J&K Chief Secretary, Dr A K Mehta recently chaired the inaugural session of a two day workshop on capacity building of J&K Forest and other departments being conducted under REDD-Plus Action for Jammu and Kashmir.
The workshop was organised by J&K Forest Department and Himalayan Forests Research Institute Shimla. Principal Conservator of Forests J&K Mohit Gera and Administrative Secretary Forests, Environment and Ecology Sanjeev Verma were present during the workshop.
The Chief Secretary said that J&K would emerge as a model UT in the environmental sector within a year’s time, he asserted. He also called for funding such initiatives by convergence of funds and expressed happiness to note that as per the Government of India Report 2021, Jammu and Kashmir has the highest carbon stock per unit area. This indicates that J&K has maximum biomass and good soil quality in forests of J&K.
Har Gaon Haryali
Forest department under the leadership of Principal Chief Conservator of Forests Mohit Gera early last year had launched a massive afforestation programme called One Beat Guard One Village Programme. Under this programme, forest department envisaged to undertake massive afforestation programme in 1000 villages in J&K by involvement of Panchayati Raj Institutions (PRIs), Biodiversity Management Committees (BMCs) , Joint Forest Management Committees (JFMs) and other Govt and Non Govt Organisations (NGOs). In order to make this programme more effective and its reach out to all the 5000 village panchayats across J&K, J&K Forest Department launched Har Gaon Hariyali programme last year in December.
‘Har Gaon Hariyali’ program in consonance with the vision of ‘Green Jammu and Kashmir’ drive is to ensure sustainable development and promote climate justice which will help increase the Carbon Stock especially in our villages located near degraded forests. The Government initiated the ‘Har Gaon Haryali’ campaign in November 2021. Under this campaign, the forest department in association with the social forestry department , soil conservation department and Rural Development Department will undertake massive plantations ( 1 crore plus) in all the village panchayats of J&K. The labour component under Har Gaon Hariyali programme is taken care of under MGNREGA. The Social Forestry department is laying emphasis on providing hybrid clonal plants to farmers from its modern nurseries, so that farmer’s income can be supplemented and sustained supply of raw materials to wood based industries can be ensured.

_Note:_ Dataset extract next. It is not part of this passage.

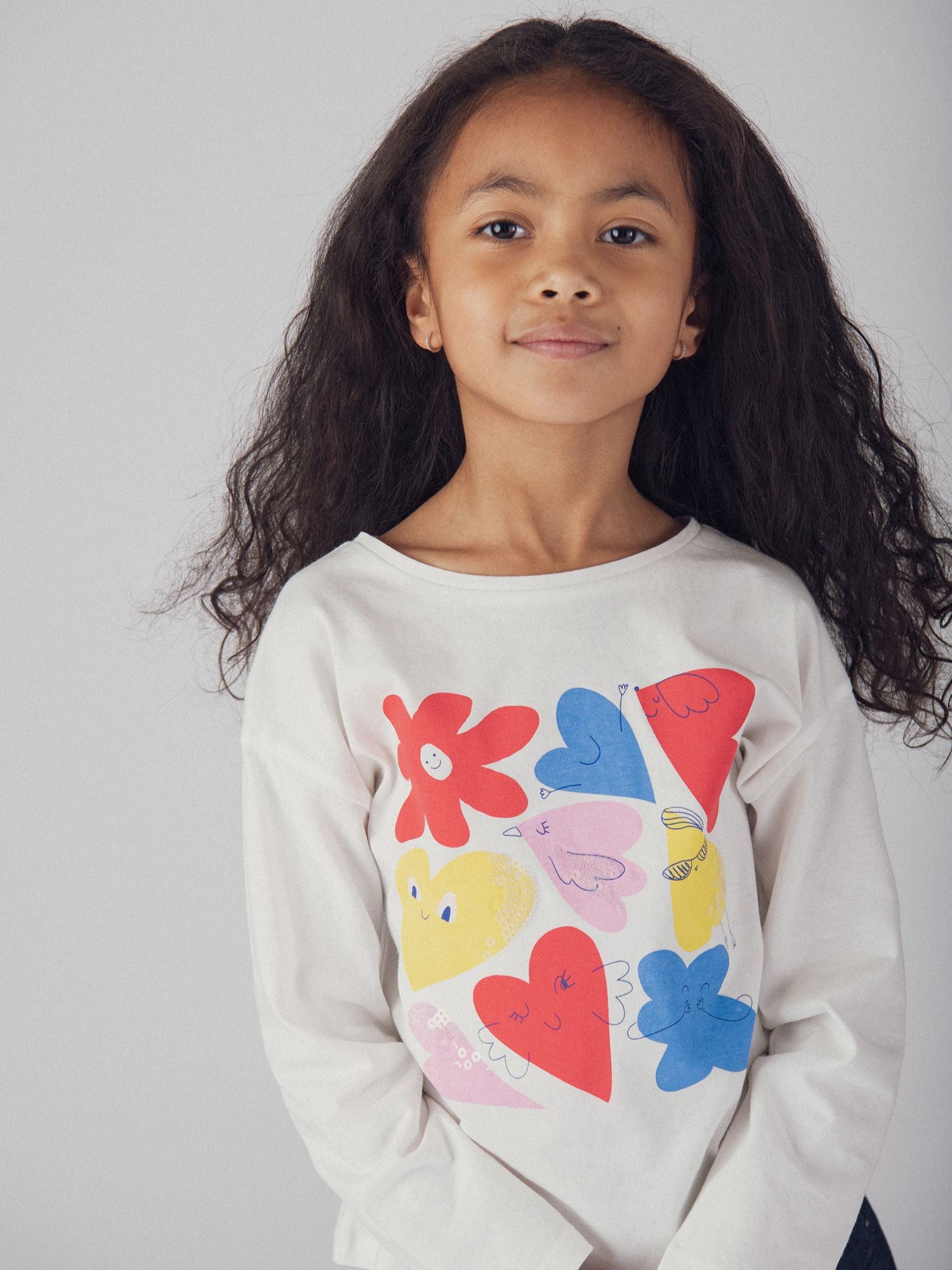 T-shirt manches longues écru et animation colorée pour fille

The biggest achievement under Har Gaon Hariyali is that a massive convergence programme is taking place by dovetailing funds under MG-NREGA and the afforestation programme of the forest department. The Forest Department would have to spend huge money as labour cost to plant the saplings but the same is taken care of by the Rural Development Department. Govt needs to ensure better irrigation facility is provided to the plants planted under Har Gaon Hariyali programme. Solar water pumps can be provided to villages on pilot basis to meet these requirements. The details of saplings purchased and planted should be made public on official websites. At village level as well, the details should be made open so that there are no chances of corruption in this programme. Har Gaon Haryali will not only help to make our villages look greener but also increase our Carbon Stock as well across Jammu & Kashmir.